→ YOUR ASSIGNMENT
Go to the line in the entries below that holds "Used 2023 Chrysler Pacifica Van" and repeat exactly from there through the line that holds "Eladó családi ház, Pécsett", inclusive.

SOURCE DATA below:

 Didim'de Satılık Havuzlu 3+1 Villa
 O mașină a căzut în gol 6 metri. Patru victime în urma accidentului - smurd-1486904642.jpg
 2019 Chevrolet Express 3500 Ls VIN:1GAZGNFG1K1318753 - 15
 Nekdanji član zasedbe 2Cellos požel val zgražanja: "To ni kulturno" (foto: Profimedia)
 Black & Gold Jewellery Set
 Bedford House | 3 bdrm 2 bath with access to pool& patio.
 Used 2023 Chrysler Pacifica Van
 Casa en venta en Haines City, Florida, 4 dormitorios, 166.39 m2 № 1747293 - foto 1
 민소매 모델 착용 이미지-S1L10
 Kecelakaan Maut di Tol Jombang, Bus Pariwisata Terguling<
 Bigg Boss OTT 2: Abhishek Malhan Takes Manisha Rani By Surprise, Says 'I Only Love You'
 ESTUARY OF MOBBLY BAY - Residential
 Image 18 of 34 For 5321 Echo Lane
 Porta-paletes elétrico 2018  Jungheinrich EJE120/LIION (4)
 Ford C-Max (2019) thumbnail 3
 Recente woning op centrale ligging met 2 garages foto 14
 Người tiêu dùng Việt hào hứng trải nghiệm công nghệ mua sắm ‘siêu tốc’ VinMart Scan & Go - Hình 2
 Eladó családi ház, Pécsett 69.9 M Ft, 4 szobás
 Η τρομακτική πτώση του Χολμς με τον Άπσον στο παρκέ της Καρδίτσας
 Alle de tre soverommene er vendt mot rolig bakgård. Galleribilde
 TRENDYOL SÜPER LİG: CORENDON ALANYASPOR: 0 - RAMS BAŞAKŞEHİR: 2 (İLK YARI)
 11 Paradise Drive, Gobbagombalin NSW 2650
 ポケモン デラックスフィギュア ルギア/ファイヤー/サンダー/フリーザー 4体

End of SOURCE DATA.

→ SOLUTION FOR THIS PROBLEM
 Used 2023 Chrysler Pacifica Van
 Casa en venta en Haines City, Florida, 4 dormitorios, 166.39 m2 № 1747293 - foto 1
 민소매 모델 착용 이미지-S1L10
 Kecelakaan Maut di Tol Jombang, Bus Pariwisata Terguling<
 Bigg Boss OTT 2: Abhishek Malhan Takes Manisha Rani By Surprise, Says 'I Only Love You'
 ESTUARY OF MOBBLY BAY - Residential
 Image 18 of 34 For 5321 Echo Lane
 Porta-paletes elétrico 2018  Jungheinrich EJE120/LIION (4)
 Ford C-Max (2019) thumbnail 3
 Recente woning op centrale ligging met 2 garages foto 14
 Người tiêu dùng Việt hào hứng trải nghiệm công nghệ mua sắm ‘siêu tốc’ VinMart Scan & Go - Hình 2
 Eladó családi ház, Pécsett 69.9 M Ft, 4 szobás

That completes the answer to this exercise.